Feeling proud of myself, I rattled off more names: rifle, shotgun, Glock. I had heard them in books, movies, seen the names appear as my cousin picked out the gun for his next round of the video game. I didn’t know what they did, how they changed lives. And neither did my cousin, who at 11 years old felt completely disconnected from the action he was committing through a controller, on a screen. After all, are you really affected by murder if the person on the other side doesn’t seem real?
When my plane landed at 1:27 pm in the Fort Lauderdale airport, at first, nothing seemed out of the ordinary. It took a second for people to check their phones. Another second for the texts to pour in. Another for the web pages to load.
Then people started asking questions and panicking when they weren’t receiving any answers.

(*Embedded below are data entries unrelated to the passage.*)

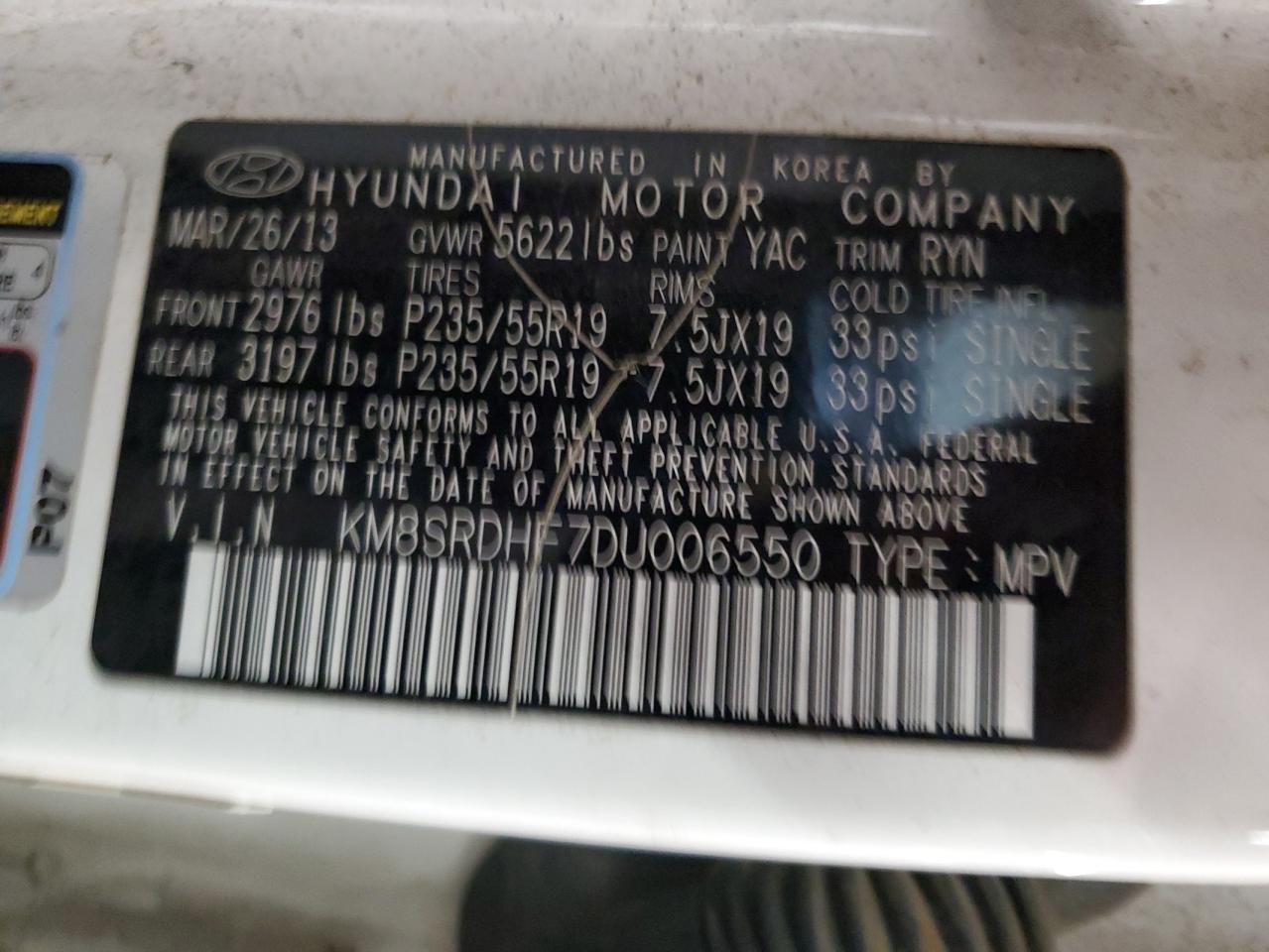 2013 Hyundai Santa Fe - Image 14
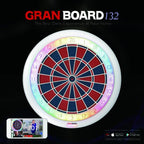 Elektronisches Dartboard 132 13,2 Zoll Bluetooth 4.0 Softdarts bis 18 g USB-Kabel Wandmontageschablone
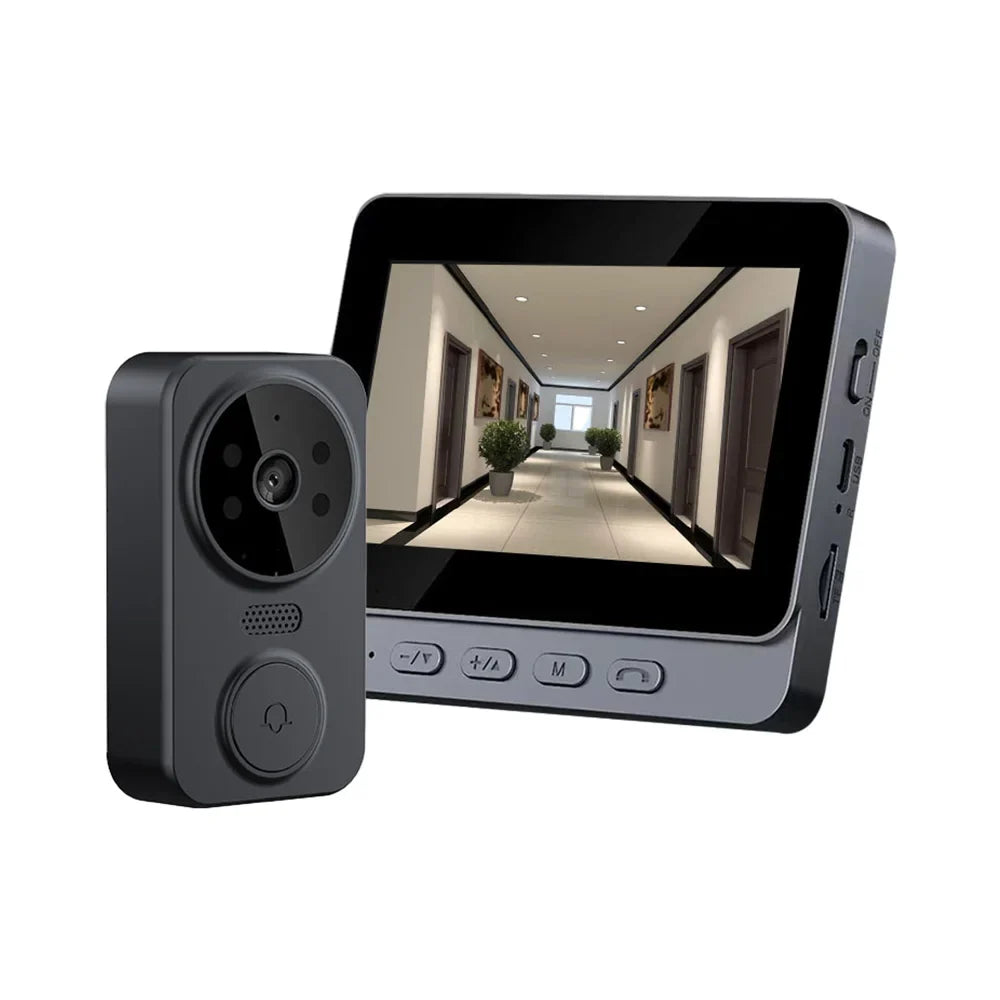 4.3 Inch IPS Screen 2.4G Wireless Visual Intercom Doorbell with Screen Wireless Smart High-definition Video Monitoring Doorbell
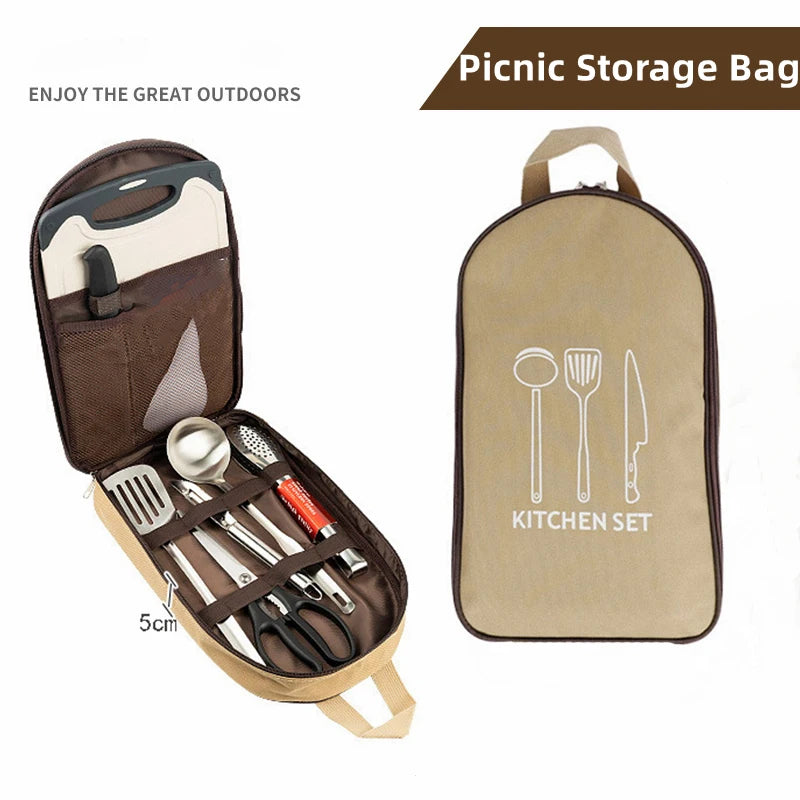 Bolsa de almacenamiento de Sierra Bowl Oxford, vajilla impermeable, tazas, Estuche de transporte, organizador para acampar al aire libre, viaje, barbacoa, bolsa de Picnic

“You probably know more than me and the pilot,” the flight attendant told a passenger, who was bouncing her baby in one hand and cradling her phone in the other. “You have access to the news!”
I grabbed my tennis bag out of the overhead compartment and slung it on my back, trying to balance my cell phone and carry-on as I pulled up Safari, intent on figuring out what was going on. Finally, the flight attendant spoke up.
“There has been a report of shots fired at Fort Lauderdale airport,” she said into the speaker, “but don’t worry, we flew into the JetBlue terminal and the shots were fired at Delta. And they have caught the gunman.”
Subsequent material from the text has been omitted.